1. Cell culture medium composition
(1).Basic culture medium
Common basal media mainly include MEM, DMEM, and RPMI, which mainly provide buffer systems including glucose, amino acids, water, trace elements, and sodium bicarbonate.
● Glutamine
It is an essential amino acid necessary for cell growth and participates in protein synthesis and nucleic acid metabolism.
● Phenol red indicator
A commonly used acid-base indicator, it shows yellow when it is acidic, red when it is neutral, and purple when it is alkaline. Phenol red is used as an indicator of pH value in the medium.
● Carbonate/PH buffer system
A physiological pH buffering system. Due to acid production during cell metabolism, the HCO3- in the medium will be gradually consumed, so CO2 needs to be replenished in time to maintain the pH within a certain range.
(2).Animal serum
Add 2%-20% serum to the basal medium to form a complete medium. Serum can not only provide the cells with the basic nutrients needed for growth, but also contain important components involved in cell metabolism such as growth factors, hormones, trace elements and ions.
(3). Antibiotics
In order to prevent the cells from being contaminated during the culture process, a penicillin-streptomycin mixture is usually added to the complete medium, that is, a double antibody. Penicillin is mainly effective against Gram-positive bacteria, and streptomycin is effective against many Gram-negative bacteria. .
2. Trypsin-EDTA
Trypsin can hydrolyze the protein between cells and then separate the cells. EDTA is a chemical chelating agent with low toxicity and has a discrete effect on adherent cells. When the two are used in combination, the efficiency of dispersing cells is higher. This step is called digestive cells. For different cells, there are different requirements for the temperature, time, and concentration of trypsin when used. If digestion is insufficient, the cells cannot be digested, and excessive digestion will cause cell damage. Since serum in the medium can reduce the activity of trypsin, complete medium is usually used to terminate cell digestion.
3. PBS buffer
PBS is a phosphate-buffered saline solution with salt balance and adjustable pH buffering effect. It is generally used to wash cells and maintain cell osmotic pressure.
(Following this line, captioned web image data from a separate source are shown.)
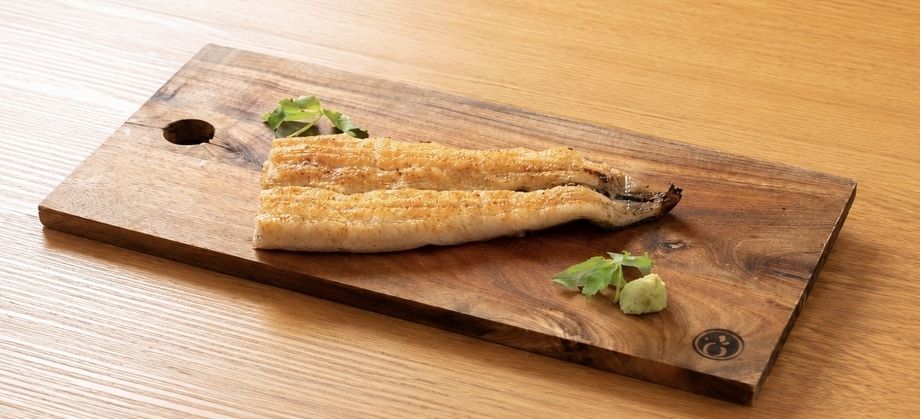 うなぎの白焼き 【1人前】-Grilled eel SHIRAYAKI (half size)-   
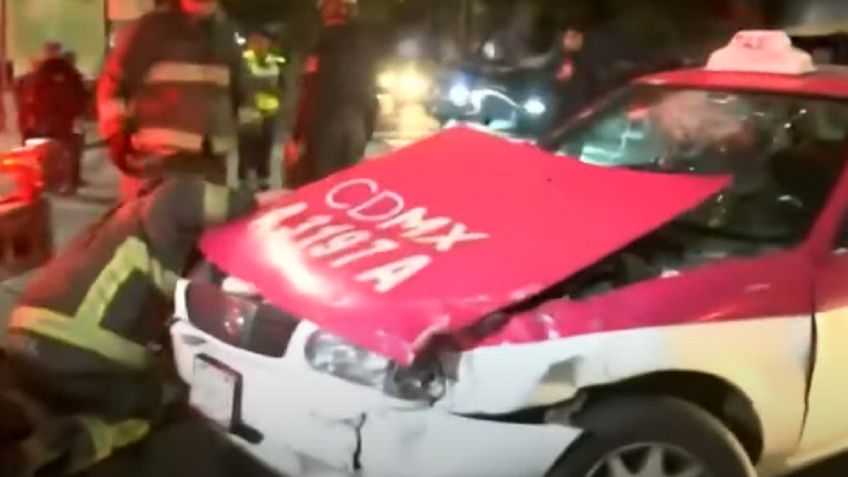 Un fuerte choque en Insurgentes y Sullivan deja tres personas heridas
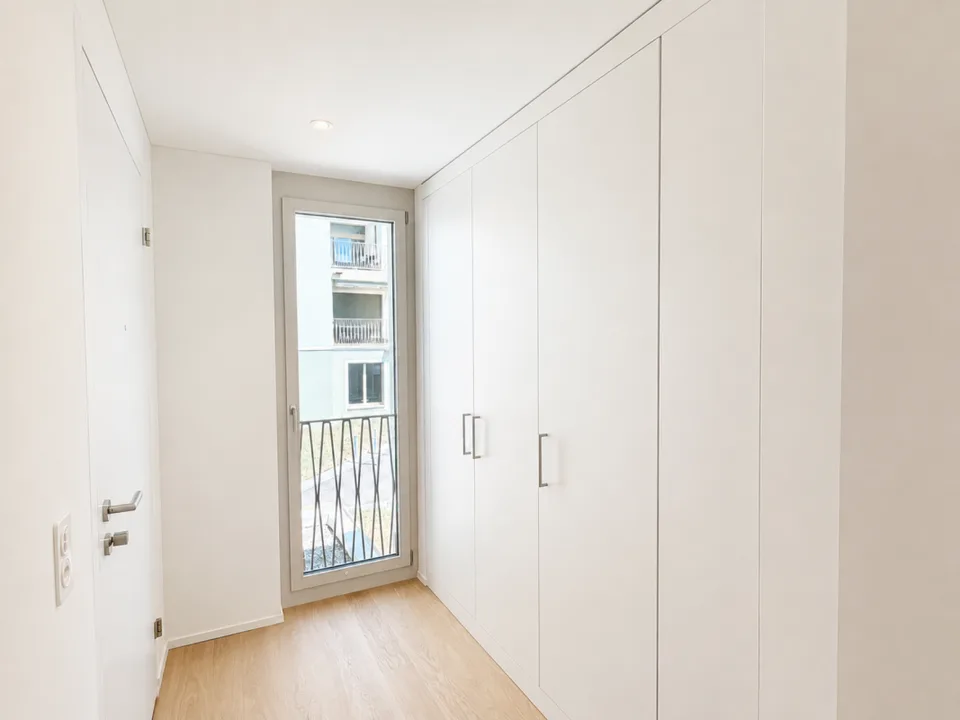 Nuovo appartamento di 3,5 locali in attico con grande loggia e vista mozzafiato sul lago e sul panorama alpino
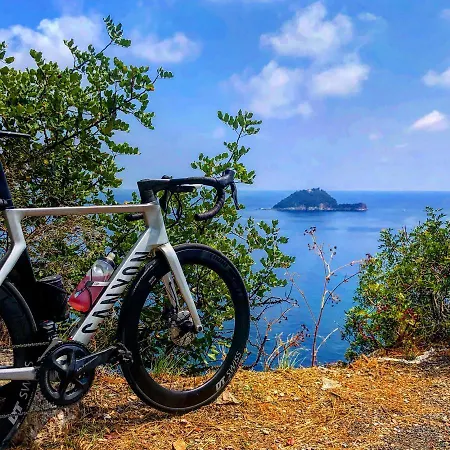 Salvia E Rosmarino - In Liguria بيت ضيافة 3*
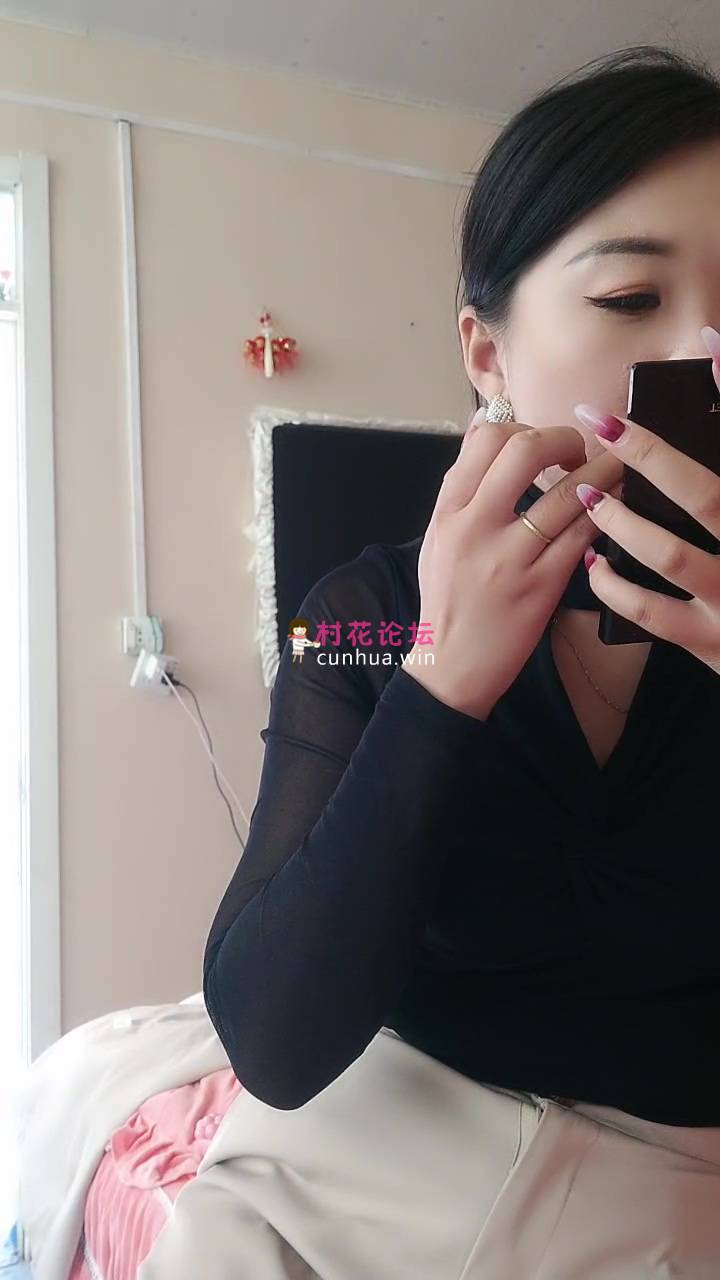 高冷美少妇露脸早上起来就开始发骚[1V 1.09G 百度盘]-福利岛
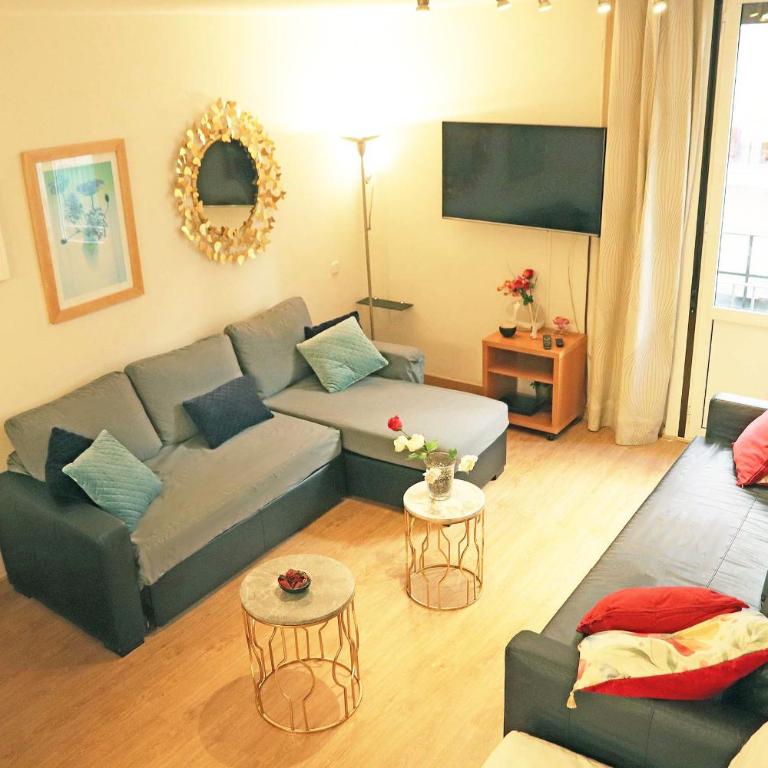 Bcn-rentals apartments in the Old town - Three-Bedroom Apartment - 28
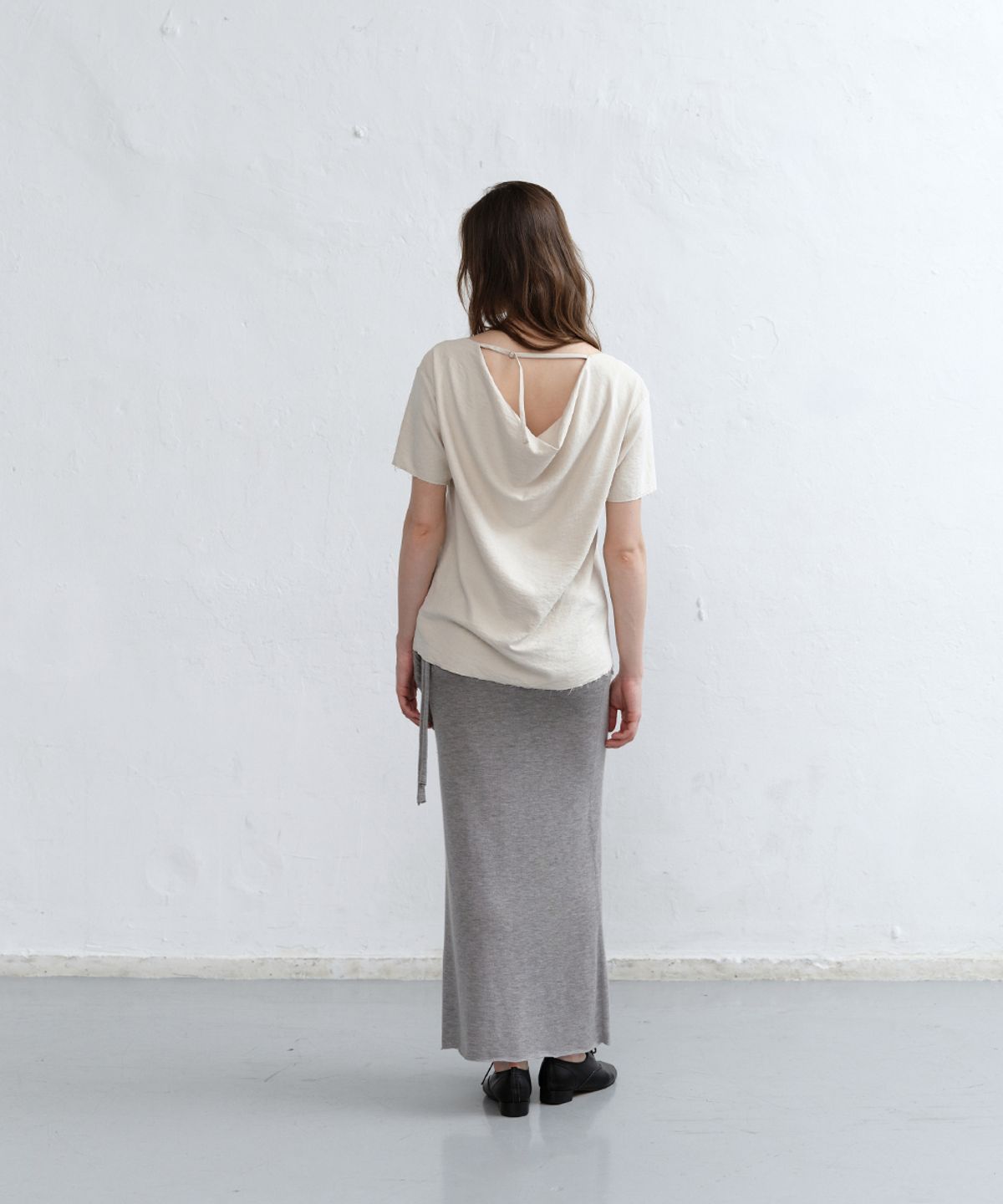 로우타이드(LOW TIDE) CUPRO DRAPE TOP [BEIGE]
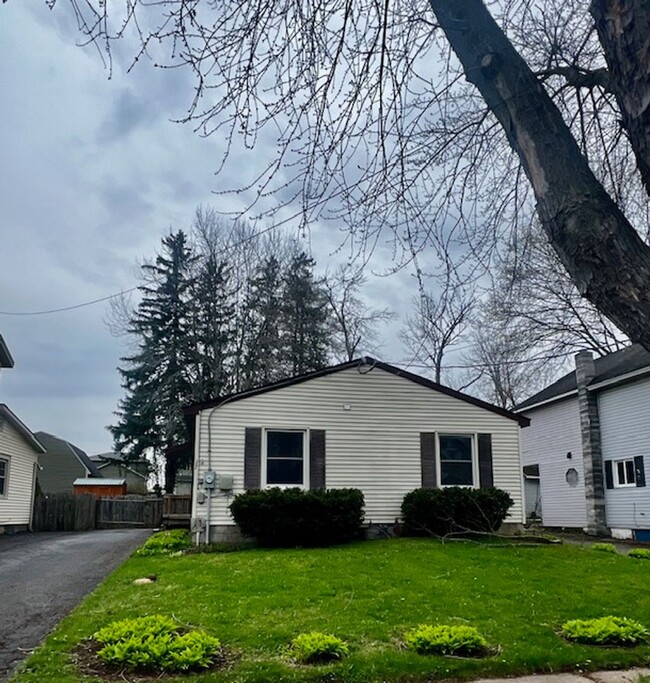 Building Photo - Single Family Home - 2 Beds, 1 Bath- Baldw...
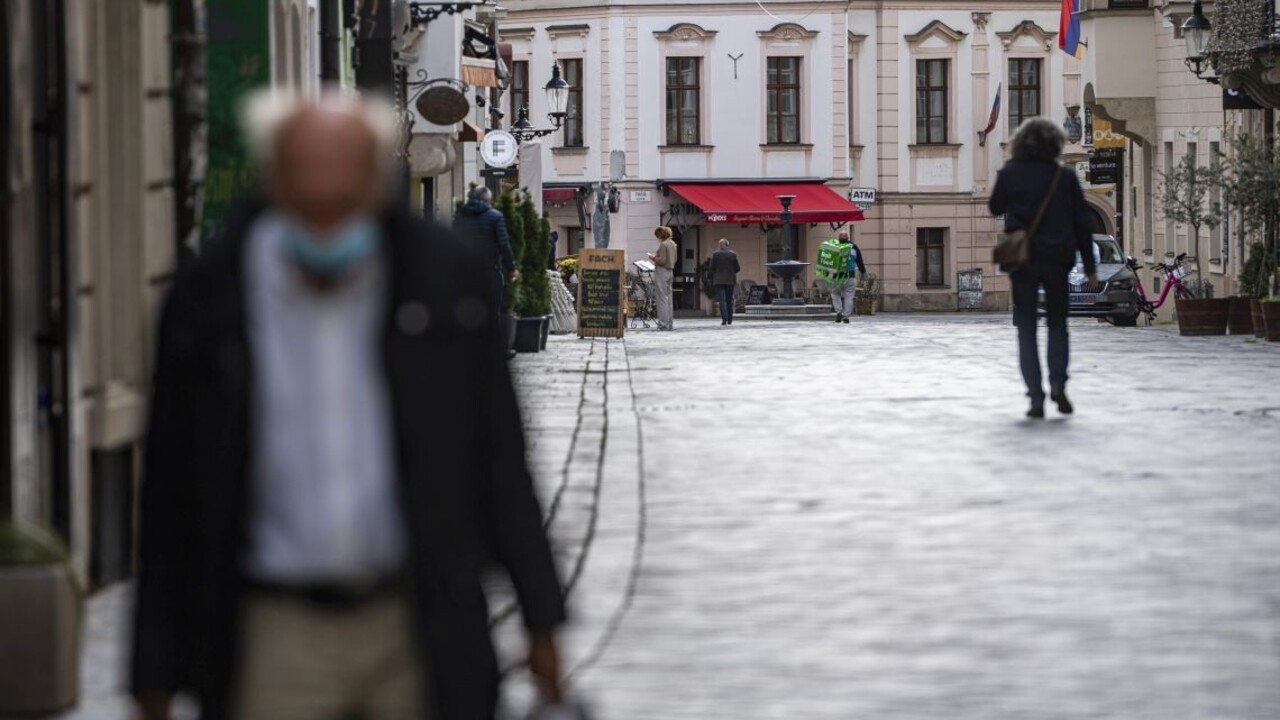 Za ľudí chce zrušiť zákaz vychádzania a zhromažďovania. Navrhne to vláde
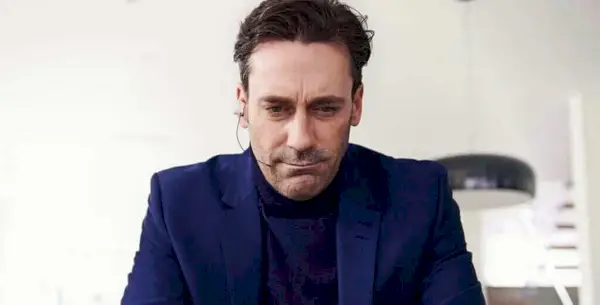 Jon Hamm hrál ve vánoční epizodě Black Mirror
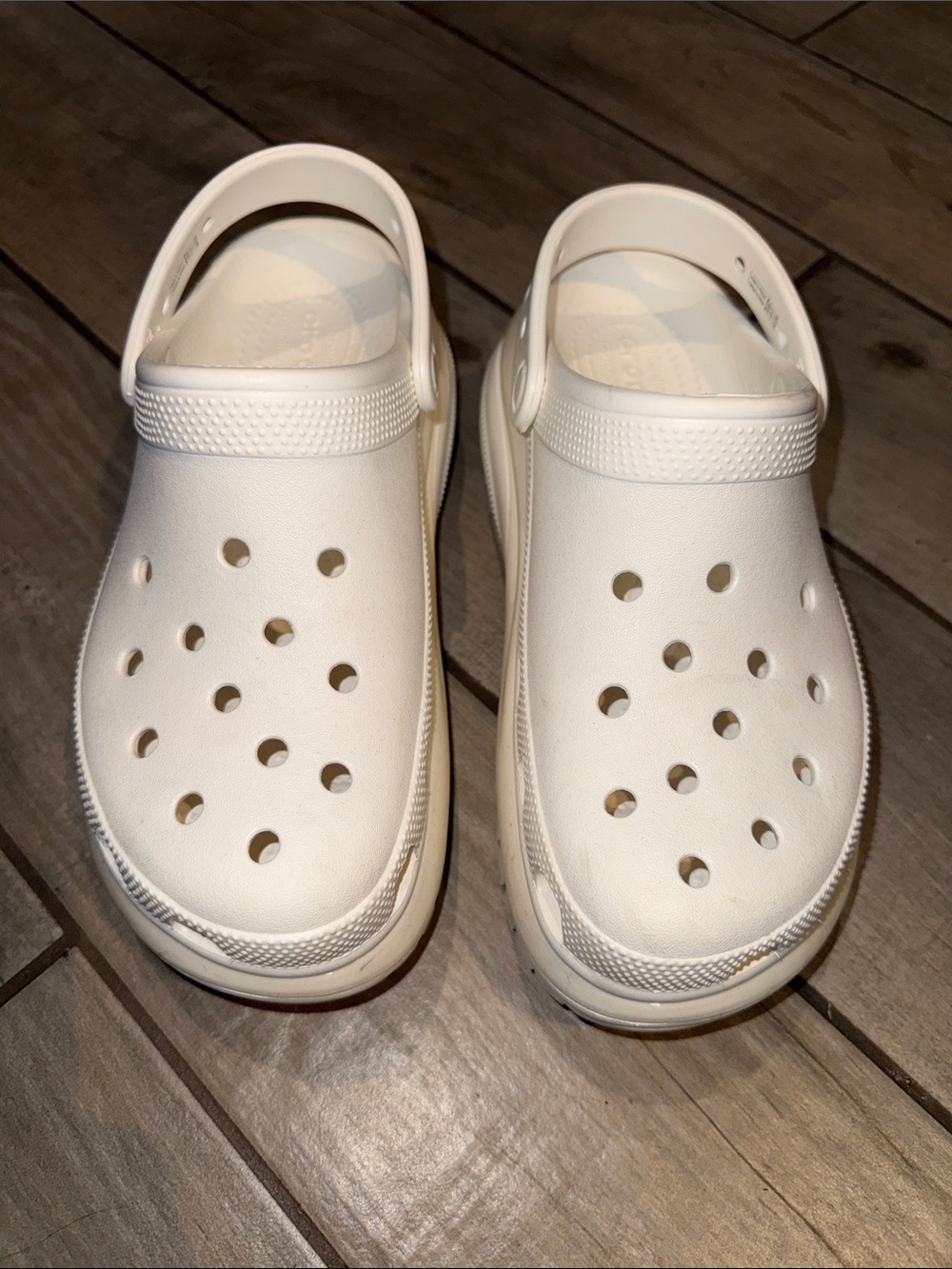 CROCS Classic Clog in White Unisex - W8 / M6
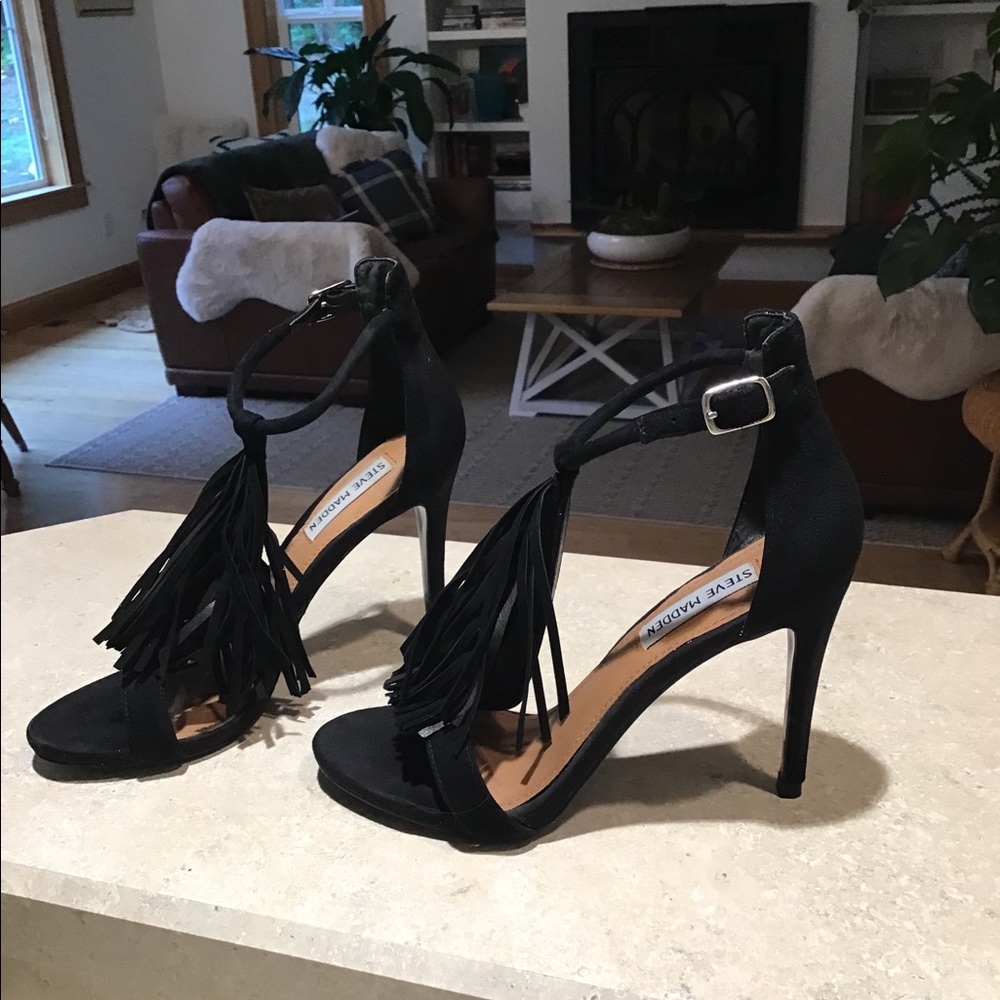 Steve Madden Suede Fringe Boho High Heel Sandals
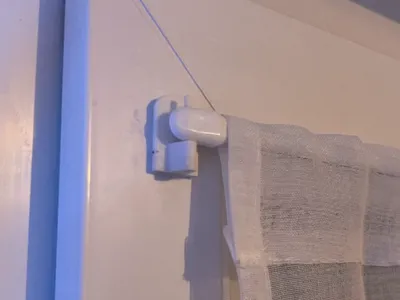 Adhesive curtain rod support hook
4. Dimethyl sulfoxide (DMSO)
An important penetrating cell protectant, and an important component in cell cryopreservation fluid. During the cryopreservation process of cells, DMSO can quickly penetrate the cell membrane and enter the cell, lower the freezing point, delay the freezing process, increase the ion concentration in the cell, reduce the formation of ice crystals in the cell, and reduce cell damage.
5. Mycoplasma inhibitors
Mycoplasma contamination is a common source of contamination in the cell culture process. However, mycoplasma inhibitors can be used to eliminate mycoplasma in the cell fluid at the initial stage of contamination, so that the experiment can continue.
6. Trypan blue dye
A biological staining reagent commonly used to detect cell membrane integrity. Due to the loss of cell membrane integrity and increased permeability, dead cells can be stained blue by trypan blue, while live cells will not be stained because they have intact cell membranes that can exclude trypan blue from entering the cell. Live and dead cells can be distinguished by cell color under a microscope, which is convenient for live cell counting.